─── Material to process ───

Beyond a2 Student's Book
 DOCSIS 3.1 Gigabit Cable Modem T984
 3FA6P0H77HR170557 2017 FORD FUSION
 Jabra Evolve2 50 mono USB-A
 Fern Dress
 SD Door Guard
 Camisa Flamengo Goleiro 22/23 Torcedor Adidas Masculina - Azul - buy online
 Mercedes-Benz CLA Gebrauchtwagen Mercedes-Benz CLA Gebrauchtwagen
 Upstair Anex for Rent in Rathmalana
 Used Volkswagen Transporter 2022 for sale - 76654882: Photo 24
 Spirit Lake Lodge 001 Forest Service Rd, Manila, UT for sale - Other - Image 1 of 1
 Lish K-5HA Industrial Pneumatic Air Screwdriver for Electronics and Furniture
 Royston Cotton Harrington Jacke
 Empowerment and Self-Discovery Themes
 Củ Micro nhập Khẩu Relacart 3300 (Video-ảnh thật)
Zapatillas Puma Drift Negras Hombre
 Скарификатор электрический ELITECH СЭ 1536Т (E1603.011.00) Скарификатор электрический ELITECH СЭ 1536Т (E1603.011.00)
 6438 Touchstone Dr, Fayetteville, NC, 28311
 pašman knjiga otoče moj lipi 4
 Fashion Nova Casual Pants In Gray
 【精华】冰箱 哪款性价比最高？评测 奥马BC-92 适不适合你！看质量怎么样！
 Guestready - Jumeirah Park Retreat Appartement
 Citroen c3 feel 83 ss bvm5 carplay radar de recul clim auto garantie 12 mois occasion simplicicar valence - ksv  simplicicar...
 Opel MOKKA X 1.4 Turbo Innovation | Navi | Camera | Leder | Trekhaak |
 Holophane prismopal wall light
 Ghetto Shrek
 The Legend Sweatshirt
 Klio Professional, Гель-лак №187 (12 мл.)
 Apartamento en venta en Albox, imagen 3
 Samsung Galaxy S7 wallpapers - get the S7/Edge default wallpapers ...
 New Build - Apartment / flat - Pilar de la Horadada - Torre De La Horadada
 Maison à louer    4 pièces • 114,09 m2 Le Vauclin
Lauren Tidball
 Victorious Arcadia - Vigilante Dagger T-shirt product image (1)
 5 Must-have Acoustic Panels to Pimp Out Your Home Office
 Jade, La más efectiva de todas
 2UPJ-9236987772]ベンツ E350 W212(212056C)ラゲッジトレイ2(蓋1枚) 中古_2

───

▶ Brief
Write out again only the lines from the one with "3FA6P0H77HR170557 2017 FORD FUSION" through the last line of the records above. Keep every word as it stands.

▶ Solved problem
 3FA6P0H77HR170557 2017 FORD FUSION
 Jabra Evolve2 50 mono USB-A
 Fern Dress
 SD Door Guard
 Camisa Flamengo Goleiro 22/23 Torcedor Adidas Masculina - Azul - buy online
 Mercedes-Benz CLA Gebrauchtwagen Mercedes-Benz CLA Gebrauchtwagen
 Upstair Anex for Rent in Rathmalana
 Used Volkswagen Transporter 2022 for sale - 76654882: Photo 24
 Spirit Lake Lodge 001 Forest Service Rd, Manila, UT for sale - Other - Image 1 of 1
 Lish K-5HA Industrial Pneumatic Air Screwdriver for Electronics and Furniture
 Royston Cotton Harrington Jacke
 Empowerment and Self-Discovery Themes
 Củ Micro nhập Khẩu Relacart 3300 (Video-ảnh thật)
Zapatillas Puma Drift Negras Hombre
 Скарификатор электрический ELITECH СЭ 1536Т (E1603.011.00) Скарификатор электрический ELITECH СЭ 1536Т (E1603.011.00)
 6438 Touchstone Dr, Fayetteville, NC, 28311
 pašman knjiga otoče moj lipi 4
 Fashion Nova Casual Pants In Gray
 【精华】冰箱 哪款性价比最高？评测 奥马BC-92 适不适合你！看质量怎么样！
 Guestready - Jumeirah Park Retreat Appartement
 Citroen c3 feel 83 ss bvm5 carplay radar de recul clim auto garantie 12 mois occasion simplicicar valence - ksv  simplicicar...
 Opel MOKKA X 1.4 Turbo Innovation | Navi | Camera | Leder | Trekhaak |
 Holophane prismopal wall light
 Ghetto Shrek
 The Legend Sweatshirt
 Klio Professional, Гель-лак №187 (12 мл.)
 Apartamento en venta en Albox, imagen 3
 Samsung Galaxy S7 wallpapers - get the S7/Edge default wallpapers ...
 New Build - Apartment / flat - Pilar de la Horadada - Torre De La Horadada
 Maison à louer    4 pièces • 114,09 m2 Le Vauclin
Lauren Tidball
 Victorious Arcadia - Vigilante Dagger T-shirt product image (1)
 5 Must-have Acoustic Panels to Pimp Out Your Home Office
 Jade, La más efectiva de todas
 2UPJ-9236987772]ベンツ E350 W212(212056C)ラゲッジトレイ2(蓋1枚) 中古_2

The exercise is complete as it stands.